How about two hours. One hour for the paramedics. A half-an-hour to have some guys in white coveralls come in and spray the plane seat and carpet with some sort of disinfectant...and half-na-hour to de-ice the plane. We all like sheep had missed our connections.
I knew this would mean some minor irritants. But for the several families and couples heading to sunny Mexico the night turned dark and ugly. I am not sure...but it seemed to me that some of the people would have preferred to fly with a corpse if it meant they wouldn't miss a free margarita at some all inclusive joint south of the border. For my seatmate, all it meant was he was way past drining his "fruit-juice" he brought on the plane, and had to hit the stewardess for three successive bottles of wine and a couple of beer. I guess if you are gonna miss your flight you might as well work on forgetting your whole day.
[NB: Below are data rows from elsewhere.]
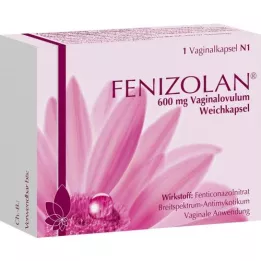 FENIZOLAN Ovule vaginal 600 mg, 1 pc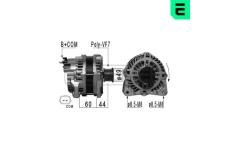 generátor ERA 209010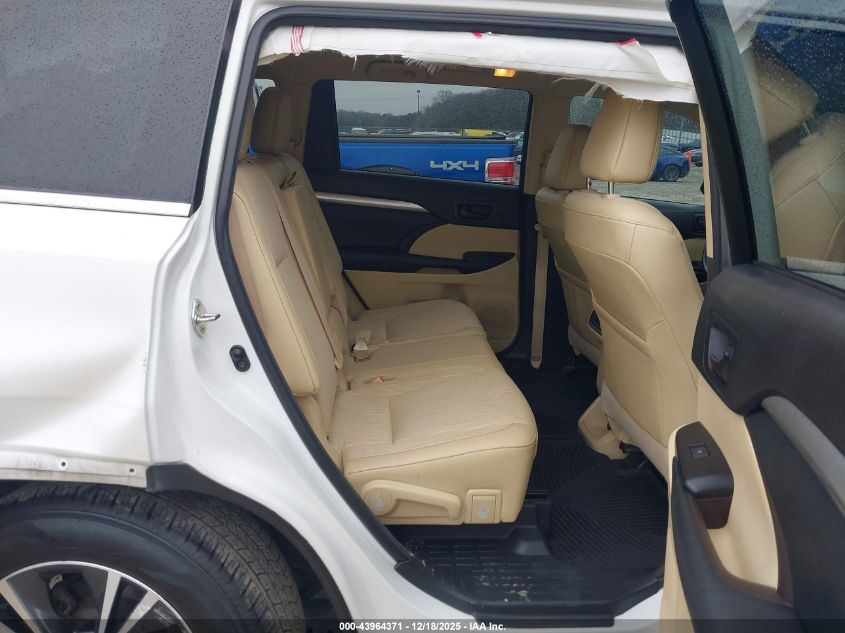 2017 Toyota Highlander Le Plus VIN: 5TDZZRFHXHS228448 Lot: 43964371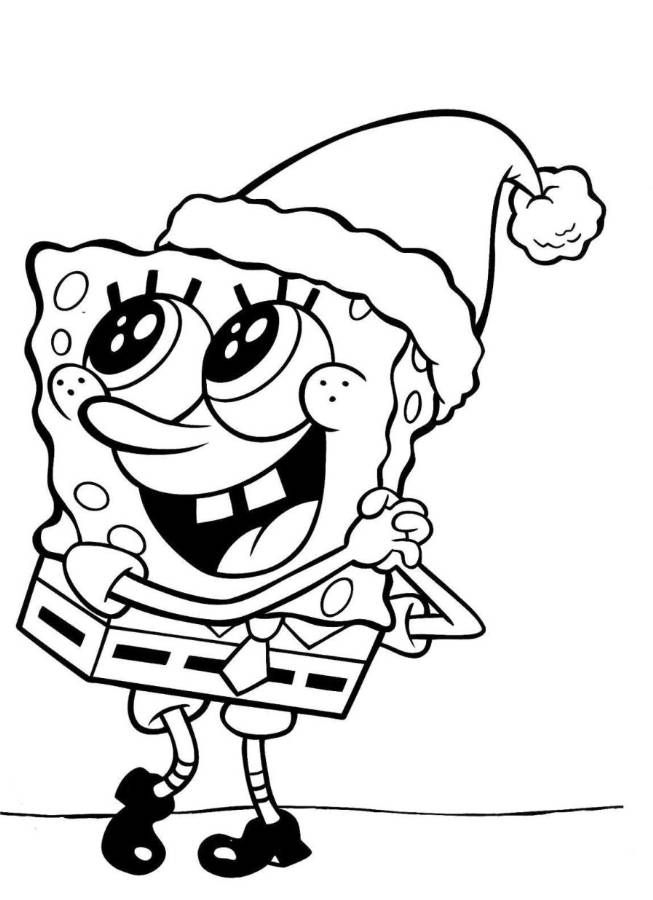 pics Free Printable Full Size Spongebob Coloring Pages free printable coloring pages for kids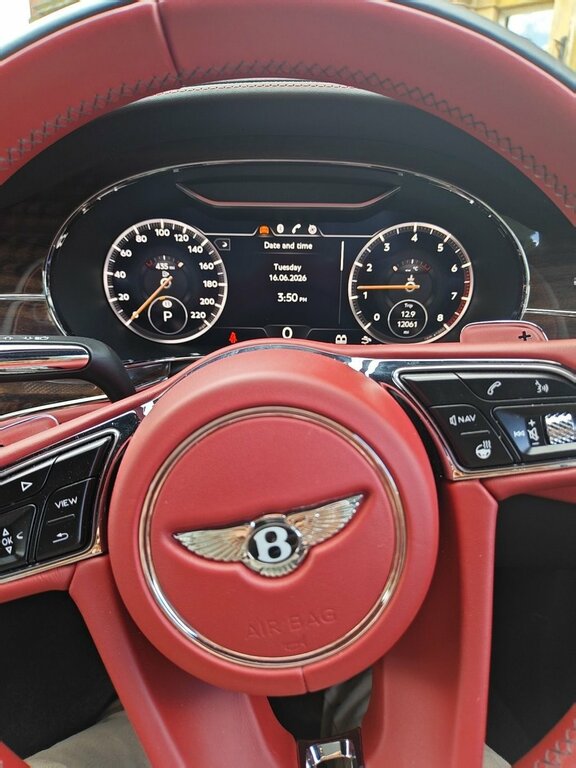 Bentley Continental Gt W12 1St Edition Blue #7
When we arrived in Calgary, an hour after I was supposed to arrive home, an "I hate my life" worker from Air Canada greeted us at the gate with vouchers for hotel rooms and breakfast. I went to pick up my luggage which did not arrive, after almost an hour of waiting. When we inquired, we were told our luggage (Edmonton bound) had been set on a special rack. It didn't seem special.
When I phoned the shuttle to arrange a ride to my hotel, I was informed, after spelling my name three times that I did not have a room waiting for me and that I had better check out what was going on with Air Canada. When I went up to see them, which took a long time standing in line I was told that I would get a different hotel room and that they would give me vouchers for a taxi. The taxi line was busy so after another hour I was picked up by a shuttle and dropped off at a hotel. I was given a breakfast voucher which I never used because after four hours of sleep I was back on a plane headed for home...Ah there is no place like home...say it with me...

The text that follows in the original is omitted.